**Aim of the task:**
Taking the line that contains "MJ Arsenal Piston Gravity Bong" as the start and the last line of the data as the end, repeat exactly every line in that span, but no pictures.

╭─ Data extract

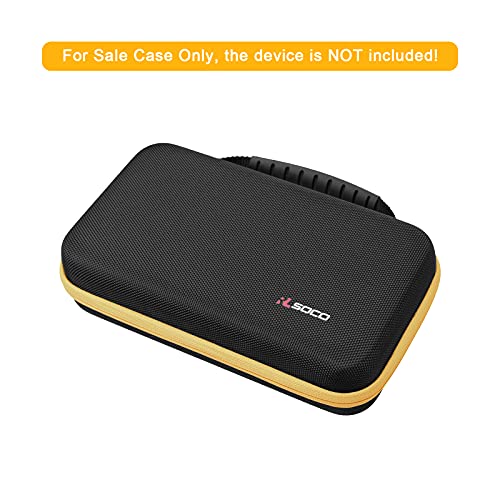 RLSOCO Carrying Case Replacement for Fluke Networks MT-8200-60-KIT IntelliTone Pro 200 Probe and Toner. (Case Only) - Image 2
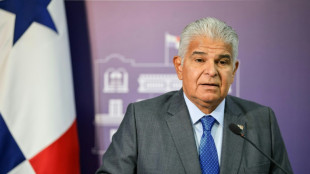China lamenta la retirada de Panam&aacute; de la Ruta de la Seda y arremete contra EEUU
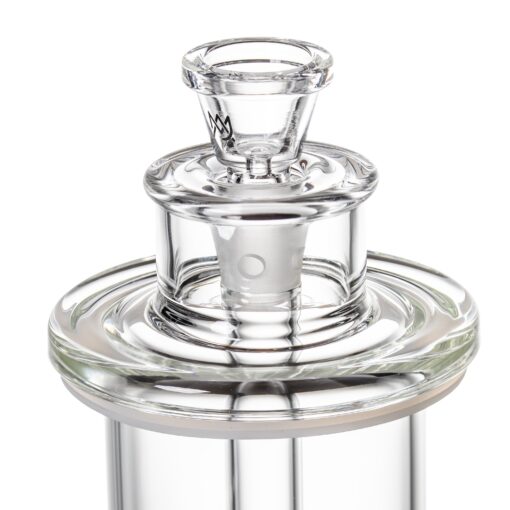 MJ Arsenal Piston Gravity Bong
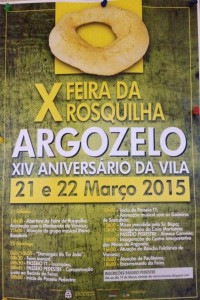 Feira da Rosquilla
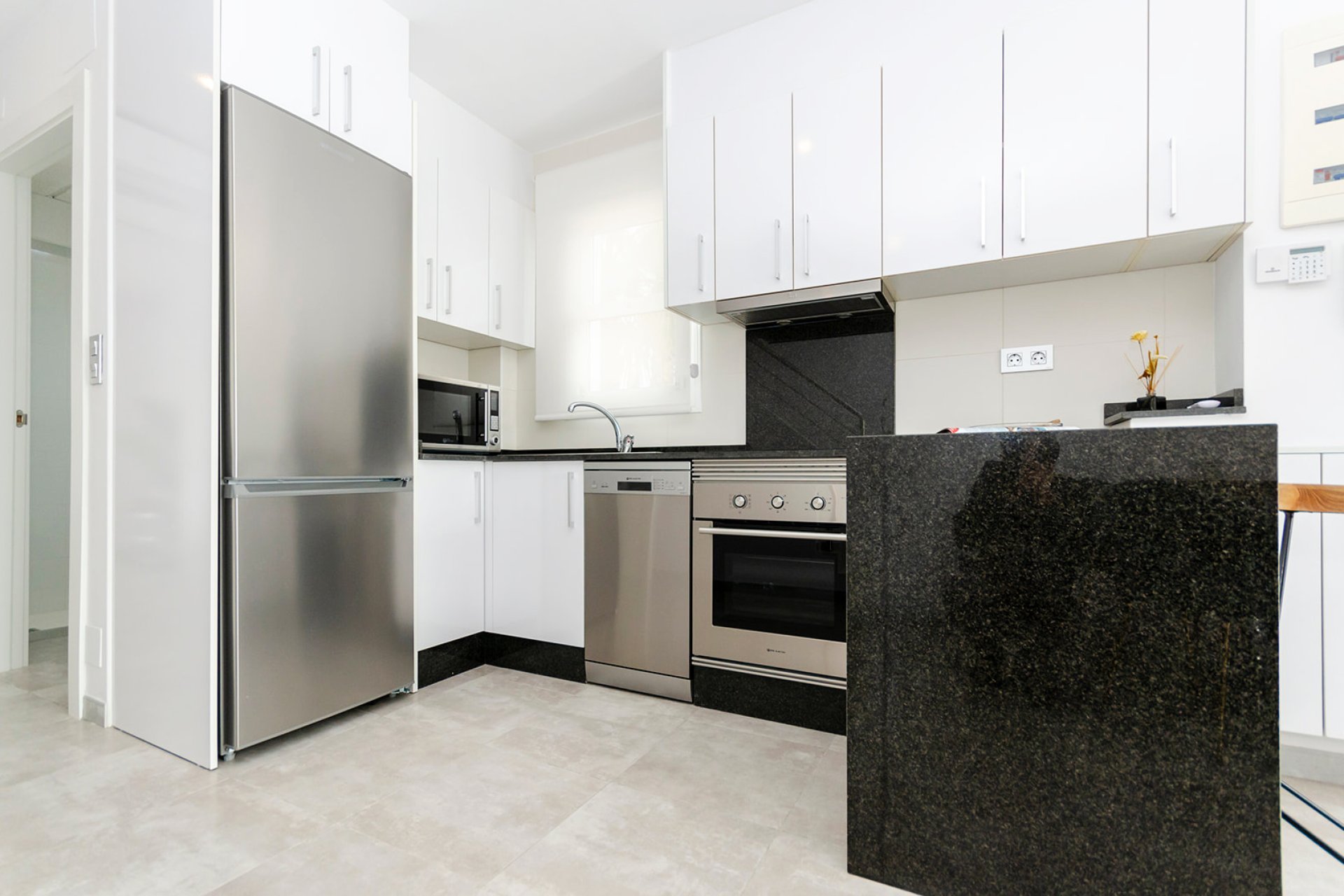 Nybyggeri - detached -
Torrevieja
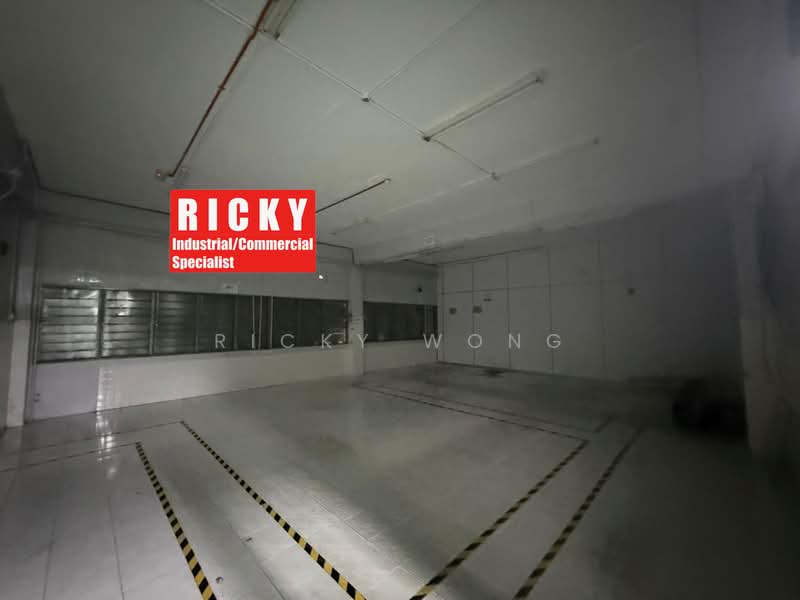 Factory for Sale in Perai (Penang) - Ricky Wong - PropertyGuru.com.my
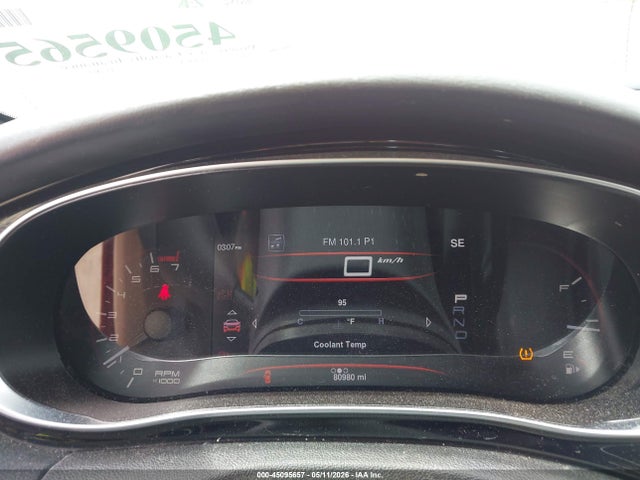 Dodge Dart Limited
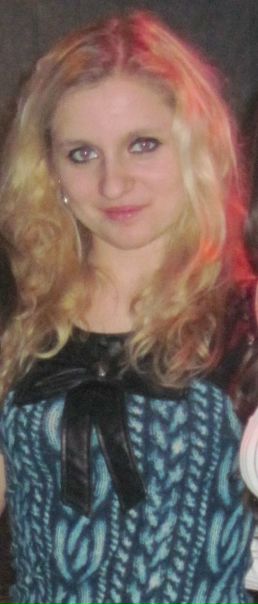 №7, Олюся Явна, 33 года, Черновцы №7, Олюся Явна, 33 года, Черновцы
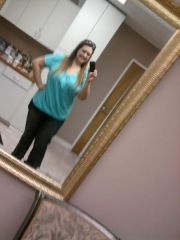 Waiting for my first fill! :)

╰─

**Your solution:**
 MJ Arsenal Piston Gravity Bong
 Feira da Rosquilla
 Nybyggeri - detached -
Torrevieja
 Factory for Sale in Perai (Penang) - Ricky Wong - PropertyGuru.com.my
 Dodge Dart Limited
 №7, Олюся Явна, 33 года, Черновцы №7, Олюся Явна, 33 года, Черновцы
 Waiting for my first fill! :)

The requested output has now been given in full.